* **Problem requirements**:
Write out the entries, please, from the line containing "Funny Riddle for Chocolate" through their final line, exactly and with nothing else.

-*-

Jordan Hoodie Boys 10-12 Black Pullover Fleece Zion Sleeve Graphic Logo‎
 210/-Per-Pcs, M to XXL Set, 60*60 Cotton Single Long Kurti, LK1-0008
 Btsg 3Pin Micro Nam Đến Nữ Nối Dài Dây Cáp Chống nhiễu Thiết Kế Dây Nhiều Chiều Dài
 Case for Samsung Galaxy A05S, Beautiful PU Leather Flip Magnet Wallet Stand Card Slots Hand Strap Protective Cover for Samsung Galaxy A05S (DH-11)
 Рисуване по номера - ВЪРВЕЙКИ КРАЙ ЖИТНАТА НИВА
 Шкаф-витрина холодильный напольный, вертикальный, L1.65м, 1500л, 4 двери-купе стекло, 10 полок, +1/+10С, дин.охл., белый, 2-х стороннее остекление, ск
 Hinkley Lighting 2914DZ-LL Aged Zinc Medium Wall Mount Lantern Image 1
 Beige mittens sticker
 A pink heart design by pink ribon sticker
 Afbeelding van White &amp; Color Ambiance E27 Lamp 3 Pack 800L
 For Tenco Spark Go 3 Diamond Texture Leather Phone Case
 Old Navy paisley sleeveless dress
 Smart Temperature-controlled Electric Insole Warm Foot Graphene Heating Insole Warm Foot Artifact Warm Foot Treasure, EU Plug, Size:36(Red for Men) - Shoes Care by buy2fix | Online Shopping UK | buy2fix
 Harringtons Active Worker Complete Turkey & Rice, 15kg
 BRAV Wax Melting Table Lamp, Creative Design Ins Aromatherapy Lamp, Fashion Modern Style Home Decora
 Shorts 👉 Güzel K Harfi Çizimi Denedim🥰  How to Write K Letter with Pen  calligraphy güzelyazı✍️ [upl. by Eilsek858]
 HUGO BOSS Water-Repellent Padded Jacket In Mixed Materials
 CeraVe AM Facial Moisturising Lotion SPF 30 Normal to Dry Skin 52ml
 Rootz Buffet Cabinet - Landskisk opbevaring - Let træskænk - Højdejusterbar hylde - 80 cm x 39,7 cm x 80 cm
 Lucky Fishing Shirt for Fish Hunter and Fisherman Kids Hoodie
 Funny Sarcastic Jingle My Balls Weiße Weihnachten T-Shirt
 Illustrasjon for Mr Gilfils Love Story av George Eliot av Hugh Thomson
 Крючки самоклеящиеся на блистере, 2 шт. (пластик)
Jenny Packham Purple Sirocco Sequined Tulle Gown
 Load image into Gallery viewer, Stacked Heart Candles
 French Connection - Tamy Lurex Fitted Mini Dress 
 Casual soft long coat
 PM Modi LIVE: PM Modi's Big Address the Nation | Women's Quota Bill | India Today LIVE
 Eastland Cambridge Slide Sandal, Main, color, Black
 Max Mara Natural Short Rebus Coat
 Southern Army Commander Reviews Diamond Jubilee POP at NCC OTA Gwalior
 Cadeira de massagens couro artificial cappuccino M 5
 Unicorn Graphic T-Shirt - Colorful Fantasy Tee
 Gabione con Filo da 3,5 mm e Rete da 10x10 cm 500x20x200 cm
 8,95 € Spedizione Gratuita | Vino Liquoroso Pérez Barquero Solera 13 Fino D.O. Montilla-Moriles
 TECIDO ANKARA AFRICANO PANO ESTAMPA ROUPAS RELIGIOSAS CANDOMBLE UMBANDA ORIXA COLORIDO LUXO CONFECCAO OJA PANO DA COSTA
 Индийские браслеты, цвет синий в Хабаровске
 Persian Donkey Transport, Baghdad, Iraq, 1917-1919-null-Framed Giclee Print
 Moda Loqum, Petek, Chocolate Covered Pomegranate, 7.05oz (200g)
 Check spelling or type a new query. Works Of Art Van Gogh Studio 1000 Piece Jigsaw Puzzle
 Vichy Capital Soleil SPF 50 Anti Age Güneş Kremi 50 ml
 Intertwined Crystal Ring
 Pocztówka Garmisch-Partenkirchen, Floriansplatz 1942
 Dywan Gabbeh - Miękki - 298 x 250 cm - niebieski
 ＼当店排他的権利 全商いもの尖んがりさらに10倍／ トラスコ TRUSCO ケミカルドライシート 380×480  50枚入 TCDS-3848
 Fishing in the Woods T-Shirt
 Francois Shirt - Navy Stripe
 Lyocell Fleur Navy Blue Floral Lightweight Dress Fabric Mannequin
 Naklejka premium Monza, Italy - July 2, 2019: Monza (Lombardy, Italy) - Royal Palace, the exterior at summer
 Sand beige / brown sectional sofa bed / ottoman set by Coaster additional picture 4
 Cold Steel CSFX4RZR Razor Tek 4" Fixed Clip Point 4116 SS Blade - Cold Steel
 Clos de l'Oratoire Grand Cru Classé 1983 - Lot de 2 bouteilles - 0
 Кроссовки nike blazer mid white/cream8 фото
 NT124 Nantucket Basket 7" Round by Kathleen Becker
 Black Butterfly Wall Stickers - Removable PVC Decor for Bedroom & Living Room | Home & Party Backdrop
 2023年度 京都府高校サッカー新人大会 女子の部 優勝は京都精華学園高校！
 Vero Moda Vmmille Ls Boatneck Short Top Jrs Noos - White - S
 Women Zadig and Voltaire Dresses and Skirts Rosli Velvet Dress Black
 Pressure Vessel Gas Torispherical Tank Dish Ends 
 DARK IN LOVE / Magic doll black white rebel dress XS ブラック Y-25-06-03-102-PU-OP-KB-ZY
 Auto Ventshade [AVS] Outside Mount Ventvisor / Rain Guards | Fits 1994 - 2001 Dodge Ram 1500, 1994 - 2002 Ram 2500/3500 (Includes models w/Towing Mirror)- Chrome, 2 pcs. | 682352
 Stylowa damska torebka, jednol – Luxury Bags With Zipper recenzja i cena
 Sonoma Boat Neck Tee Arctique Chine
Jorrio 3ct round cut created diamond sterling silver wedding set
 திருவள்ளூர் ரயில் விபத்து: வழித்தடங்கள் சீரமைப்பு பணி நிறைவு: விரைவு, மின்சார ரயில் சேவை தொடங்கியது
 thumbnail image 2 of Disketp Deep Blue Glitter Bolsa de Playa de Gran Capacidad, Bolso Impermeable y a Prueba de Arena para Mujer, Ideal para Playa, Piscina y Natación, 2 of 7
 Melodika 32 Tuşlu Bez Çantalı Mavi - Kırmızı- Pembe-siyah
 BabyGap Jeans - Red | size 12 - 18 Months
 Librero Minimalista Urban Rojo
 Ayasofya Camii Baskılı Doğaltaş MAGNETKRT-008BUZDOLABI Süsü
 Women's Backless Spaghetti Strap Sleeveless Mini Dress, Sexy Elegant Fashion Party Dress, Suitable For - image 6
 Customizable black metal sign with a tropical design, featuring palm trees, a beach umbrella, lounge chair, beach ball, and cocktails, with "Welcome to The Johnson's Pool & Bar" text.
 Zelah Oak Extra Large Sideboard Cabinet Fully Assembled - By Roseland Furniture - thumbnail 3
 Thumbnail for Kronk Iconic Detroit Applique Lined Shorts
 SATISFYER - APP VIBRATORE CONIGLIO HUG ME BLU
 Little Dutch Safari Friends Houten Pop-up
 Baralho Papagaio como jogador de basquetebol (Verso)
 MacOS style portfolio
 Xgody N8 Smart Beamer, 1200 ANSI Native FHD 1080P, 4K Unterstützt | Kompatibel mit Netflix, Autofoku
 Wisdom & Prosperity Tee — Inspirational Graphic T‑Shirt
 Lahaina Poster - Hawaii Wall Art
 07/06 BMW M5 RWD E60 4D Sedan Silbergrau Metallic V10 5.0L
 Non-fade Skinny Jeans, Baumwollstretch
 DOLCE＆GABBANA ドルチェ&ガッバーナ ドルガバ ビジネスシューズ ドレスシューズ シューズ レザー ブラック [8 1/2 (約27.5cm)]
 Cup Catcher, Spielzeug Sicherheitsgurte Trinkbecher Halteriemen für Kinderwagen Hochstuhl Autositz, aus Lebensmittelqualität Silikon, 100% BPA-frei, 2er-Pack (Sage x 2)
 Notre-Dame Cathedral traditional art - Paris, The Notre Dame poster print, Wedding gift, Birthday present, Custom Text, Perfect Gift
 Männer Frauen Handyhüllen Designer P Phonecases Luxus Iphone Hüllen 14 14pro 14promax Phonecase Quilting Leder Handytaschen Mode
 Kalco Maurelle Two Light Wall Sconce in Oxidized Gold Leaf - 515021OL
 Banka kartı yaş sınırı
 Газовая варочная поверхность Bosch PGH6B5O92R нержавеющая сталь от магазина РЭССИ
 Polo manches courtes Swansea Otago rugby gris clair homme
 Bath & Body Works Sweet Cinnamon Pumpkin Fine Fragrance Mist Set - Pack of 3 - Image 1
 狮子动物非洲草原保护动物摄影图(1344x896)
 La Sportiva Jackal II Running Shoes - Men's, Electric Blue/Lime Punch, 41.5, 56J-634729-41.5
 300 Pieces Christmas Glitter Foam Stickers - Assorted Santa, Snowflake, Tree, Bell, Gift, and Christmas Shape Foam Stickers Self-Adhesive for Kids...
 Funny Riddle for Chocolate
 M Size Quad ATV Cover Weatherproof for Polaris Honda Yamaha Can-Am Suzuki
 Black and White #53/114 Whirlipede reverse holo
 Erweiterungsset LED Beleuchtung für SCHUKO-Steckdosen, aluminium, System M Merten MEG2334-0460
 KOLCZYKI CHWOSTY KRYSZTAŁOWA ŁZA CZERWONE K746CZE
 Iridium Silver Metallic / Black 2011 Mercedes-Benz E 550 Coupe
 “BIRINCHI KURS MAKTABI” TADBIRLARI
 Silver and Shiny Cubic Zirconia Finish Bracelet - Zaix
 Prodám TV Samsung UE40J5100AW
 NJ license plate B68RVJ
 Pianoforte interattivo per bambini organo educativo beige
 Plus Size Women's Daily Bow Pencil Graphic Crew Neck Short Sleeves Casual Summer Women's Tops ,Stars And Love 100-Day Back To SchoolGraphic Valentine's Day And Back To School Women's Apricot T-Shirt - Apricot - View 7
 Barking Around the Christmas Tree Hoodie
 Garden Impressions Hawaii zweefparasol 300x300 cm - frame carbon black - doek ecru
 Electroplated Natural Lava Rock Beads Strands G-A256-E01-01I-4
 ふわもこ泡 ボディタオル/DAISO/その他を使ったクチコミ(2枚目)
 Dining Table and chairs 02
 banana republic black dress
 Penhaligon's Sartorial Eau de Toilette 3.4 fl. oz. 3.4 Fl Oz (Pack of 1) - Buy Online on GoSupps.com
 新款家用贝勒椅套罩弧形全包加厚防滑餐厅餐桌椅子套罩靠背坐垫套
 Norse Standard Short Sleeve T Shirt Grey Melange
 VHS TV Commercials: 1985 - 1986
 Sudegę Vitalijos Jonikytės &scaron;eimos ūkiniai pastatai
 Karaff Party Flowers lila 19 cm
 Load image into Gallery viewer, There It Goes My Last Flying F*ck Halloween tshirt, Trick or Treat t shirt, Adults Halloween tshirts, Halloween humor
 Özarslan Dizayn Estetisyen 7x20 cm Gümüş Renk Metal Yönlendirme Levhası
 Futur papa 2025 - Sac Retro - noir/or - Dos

-*-

* **Answer for the task**:
 Funny Riddle for Chocolate
 M Size Quad ATV Cover Weatherproof for Polaris Honda Yamaha Can-Am Suzuki
 Black and White #53/114 Whirlipede reverse holo
 Erweiterungsset LED Beleuchtung für SCHUKO-Steckdosen, aluminium, System M Merten MEG2334-0460
 KOLCZYKI CHWOSTY KRYSZTAŁOWA ŁZA CZERWONE K746CZE
 Iridium Silver Metallic / Black 2011 Mercedes-Benz E 550 Coupe
 “BIRINCHI KURS MAKTABI” TADBIRLARI
 Silver and Shiny Cubic Zirconia Finish Bracelet - Zaix
 Prodám TV Samsung UE40J5100AW
 NJ license plate B68RVJ
 Pianoforte interattivo per bambini organo educativo beige
 Plus Size Women's Daily Bow Pencil Graphic Crew Neck Short Sleeves Casual Summer Women's Tops ,Stars And Love 100-Day Back To SchoolGraphic Valentine's Day And Back To School Women's Apricot T-Shirt - Apricot - View 7
 Barking Around the Christmas Tree Hoodie
 Garden Impressions Hawaii zweefparasol 300x300 cm - frame carbon black - doek ecru
 Electroplated Natural Lava Rock Beads Strands G-A256-E01-01I-4
 ふわもこ泡 ボディタオル/DAISO/その他を使ったクチコミ(2枚目)
 Dining Table and chairs 02
 banana republic black dress
 Penhaligon's Sartorial Eau de Toilette 3.4 fl. oz. 3.4 Fl Oz (Pack of 1) - Buy Online on GoSupps.com
 新款家用贝勒椅套罩弧形全包加厚防滑餐厅餐桌椅子套罩靠背坐垫套
 Norse Standard Short Sleeve T Shirt Grey Melange
 VHS TV Commercials: 1985 - 1986
 Sudegę Vitalijos Jonikytės &scaron;eimos ūkiniai pastatai
 Karaff Party Flowers lila 19 cm
 Load image into Gallery viewer, There It Goes My Last Flying F*ck Halloween tshirt, Trick or Treat t shirt, Adults Halloween tshirts, Halloween humor
 Özarslan Dizayn Estetisyen 7x20 cm Gümüş Renk Metal Yönlendirme Levhası
 Futur papa 2025 - Sac Retro - noir/or - Dos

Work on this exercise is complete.